YOUR INSTRUCTIONS. Everything from the line with "provide a video" to the line with "Kennie Jai Gets Massaged From Coach" in the listing below, both lines included, needs to be copied exactly, apart from the pictures.

INFORMATION.
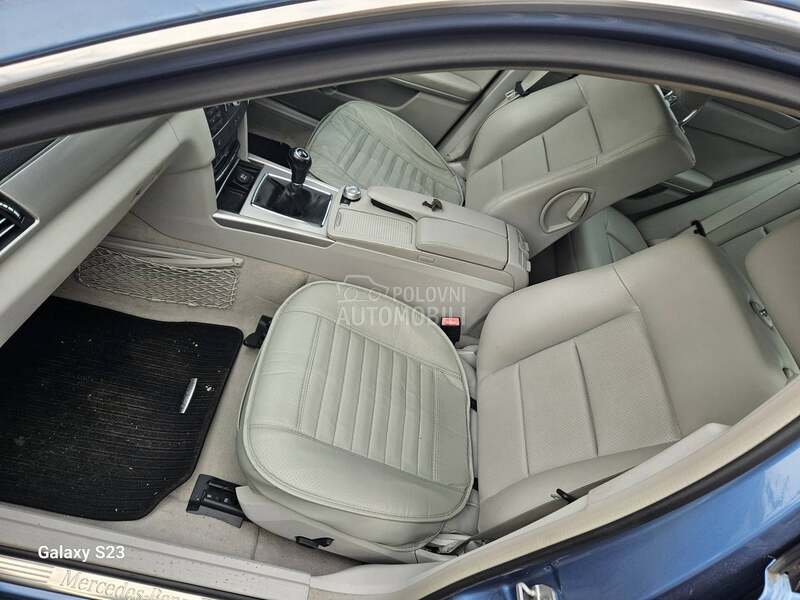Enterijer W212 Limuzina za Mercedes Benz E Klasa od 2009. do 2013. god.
==
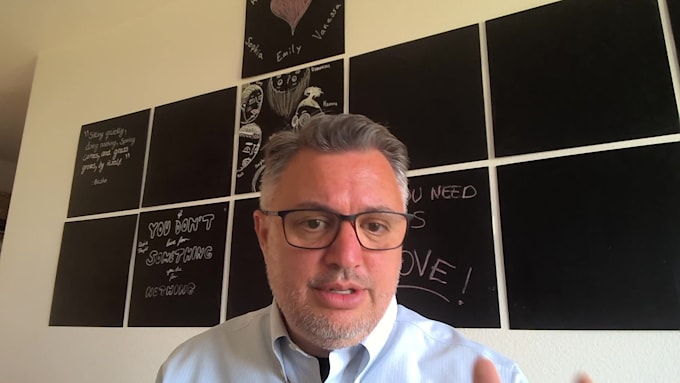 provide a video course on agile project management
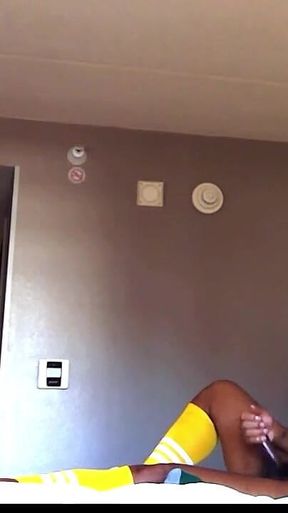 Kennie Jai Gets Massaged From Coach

PROBLEM SOLUTION.
 provide a video course on agile project management
 Kennie Jai Gets Massaged From Coach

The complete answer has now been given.